登录查看更多内容

Understanding Support Vector Machine

Gautam Kumar

Senior Lead Engineer

发布日期: 2020年4月5日

Support Vector Machine: An Introduction

I have talked about Linear regression and Classification on my prior articles. Before we take on to Support Vector Machine (aka SVM), let’s first understand what it does. The objective of the support vector machine algorithm is to find a hyperplane in an N-dimensional space(N — the number of features) that distinctly classifies the data points. It is highly preferred by many as it produces significant accuracy with less computation power. SVM can be used for both regression and classification tasks. But it is widely used in classification objectives.

As sheen in the first representation on the above figure, there could be multiple ways we can chose the hyperplane to separate the data points. However, our objective is to identify the plane with a maximum margin, i.e. the distance between the data points of both the classes should be maximum with the optimal hyperplane when compared to other hyperplanes.

How does it work?

Let’s understand the functionality of SVM using different scenarios:

Scenario 1 – Here it’s pretty obvious from the below figure, that there are three hyperplanes to classify the datapoints however, the hyperplane B is defining the classification in a better way.

Scenario 2 – As we can see in the below figure, all the three hyper planes are defining the classification correctly. However, A & B has a very less margin for errors, i.e. they are very close to the data points. If there is any fluctuation in the data point values, they may fall into errors. The hyperplane C on the other hand has a significant margin for errors as it has the maximum distance from the data points of both the classes.

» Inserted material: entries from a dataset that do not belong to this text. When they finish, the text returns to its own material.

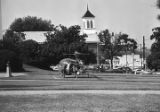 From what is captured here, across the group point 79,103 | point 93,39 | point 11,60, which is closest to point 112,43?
point 93,39

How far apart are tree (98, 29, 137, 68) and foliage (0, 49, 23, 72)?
179ft

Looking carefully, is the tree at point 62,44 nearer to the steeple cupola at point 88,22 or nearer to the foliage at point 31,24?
the foliage at point 31,24

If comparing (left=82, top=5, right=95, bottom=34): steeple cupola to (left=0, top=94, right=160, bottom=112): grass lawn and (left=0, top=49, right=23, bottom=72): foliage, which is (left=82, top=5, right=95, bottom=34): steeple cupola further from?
(left=0, top=94, right=160, bottom=112): grass lawn

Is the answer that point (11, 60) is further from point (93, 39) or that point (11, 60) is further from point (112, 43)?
point (93, 39)

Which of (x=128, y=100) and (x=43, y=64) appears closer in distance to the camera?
(x=128, y=100)

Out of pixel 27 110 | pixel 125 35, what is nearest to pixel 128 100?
pixel 27 110

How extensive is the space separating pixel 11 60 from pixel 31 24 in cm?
8005

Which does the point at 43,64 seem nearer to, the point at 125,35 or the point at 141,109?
the point at 125,35

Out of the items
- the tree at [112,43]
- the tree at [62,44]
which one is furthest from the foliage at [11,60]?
the tree at [112,43]

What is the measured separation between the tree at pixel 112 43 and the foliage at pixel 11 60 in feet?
179

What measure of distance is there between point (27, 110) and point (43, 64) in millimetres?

Scenario 3 – In the below scenario, we can see that there is one data points which can be considered as outlier. The hyperplane B has a better for margin of errors however, SVM still chooses the hyperplane A because it first identifies the hyperplane which classifies the data points better and then it compares the margin of errors.

Scenario 4 – I mentioned in the previous scenario that the SVM first tries to identify the hyperplane which classifies the data better and then thinks about the margin of errors. However, in the below example we can not classify the data points with a straight line. Hence, SVM ignores the outlier and selects the hyperplane which classifies the data point with maximum margin of errors.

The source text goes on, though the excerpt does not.